Requests for Abortion in Latin America Related to Concern about Zika Virus Exposure
To the Editor:
On November 17, 2015, the Pan American Health Organization (PAHO) issued an epidemiologic alert regarding Zika virus in Latin America.1 Several countries subsequently issued health advisories, including cautions about microcephaly, declarations of national emergency, and unprecedented warnings urging women to avoid pregnancy.
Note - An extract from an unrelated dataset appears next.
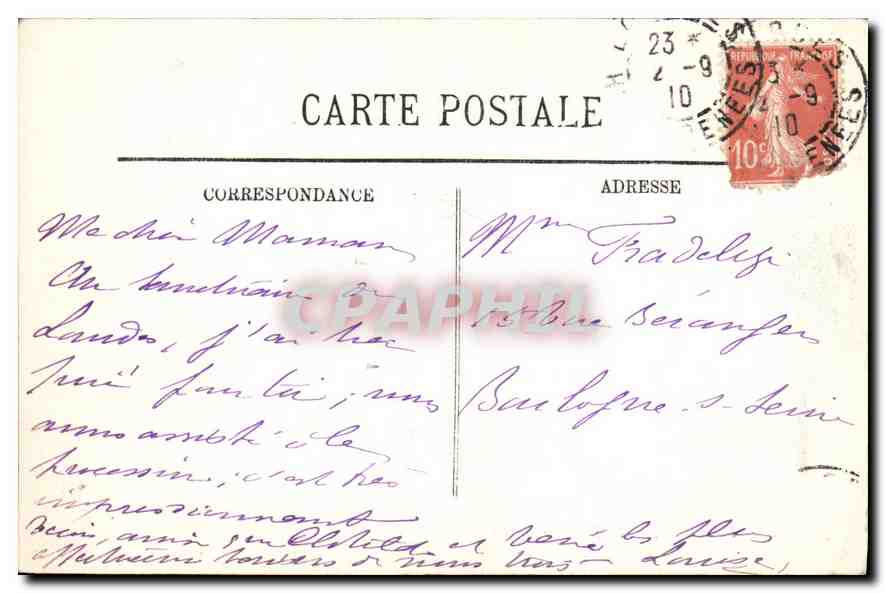 CPA Lourdes La Basilique  — Verso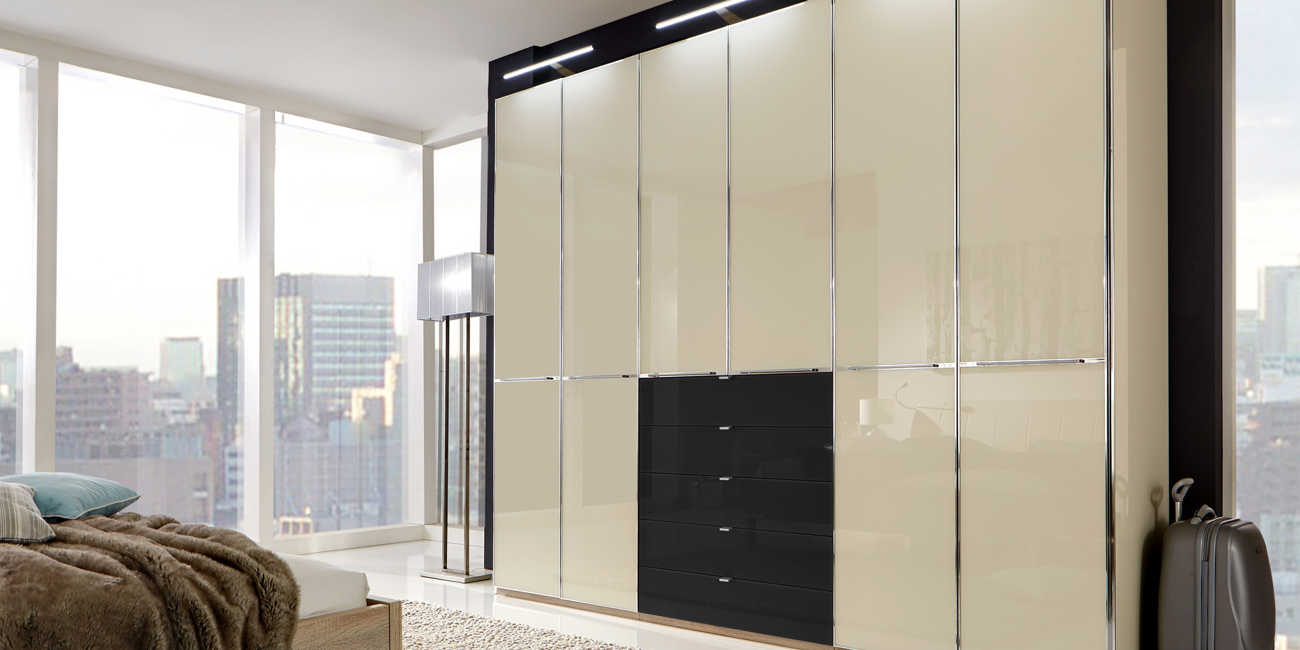 Csm 06 Schlafzimmer Modern Schranksystem Shanghai Eiche Saegegrau Glas Magnolie Glas Schwarz 6E0ca387c3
Yet in most Latin American countries, abortion is illegal or highly restricted,2 leaving pregnant women with few options.
For several years, one such option for women in Latin America has been Women on Web (WoW), a nonprofit organization that provides access to abortion medications (mifepristone and misoprostol) outside the formal health care setting through online telemedicine in countries where safe abortion is not universally available.3 We analyzed data with respect to requests for abortion through WoW between January 1, 2010, and March 2, 2016, in 19 Latin American countries. Using a regression-discontinuity design, we assessed whether requests for abortion increased after the PAHO alert, as compared with preannouncement trends.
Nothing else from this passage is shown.